Segment Start: Recorded data

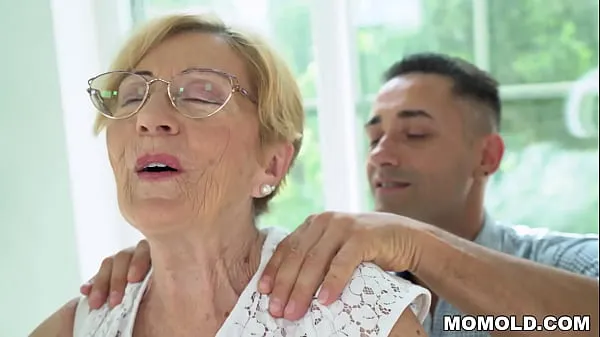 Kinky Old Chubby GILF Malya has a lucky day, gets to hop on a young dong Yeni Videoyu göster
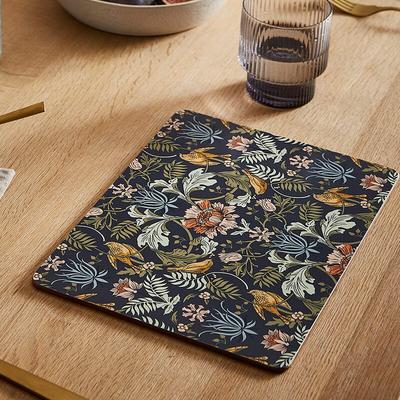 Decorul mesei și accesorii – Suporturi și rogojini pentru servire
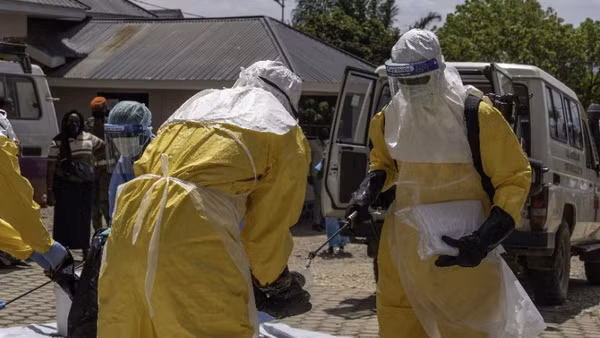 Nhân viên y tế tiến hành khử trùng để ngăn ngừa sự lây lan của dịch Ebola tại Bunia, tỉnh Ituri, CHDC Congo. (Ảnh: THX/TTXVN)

Segment End: Recorded data

*Exercise*
Since pictures are not part of the copy, set down only the remaining data exactly.

*Result below*
 Kinky Old Chubby GILF Malya has a lucky day, gets to hop on a young dong Yeni Videoyu göster
 Decorul mesei și accesorii – Suporturi și rogojini pentru servire
 Nhân viên y tế tiến hành khử trùng để ngăn ngừa sự lây lan của dịch Ebola tại Bunia, tỉnh Ituri, CHDC Congo. (Ảnh: THX/TTXVN)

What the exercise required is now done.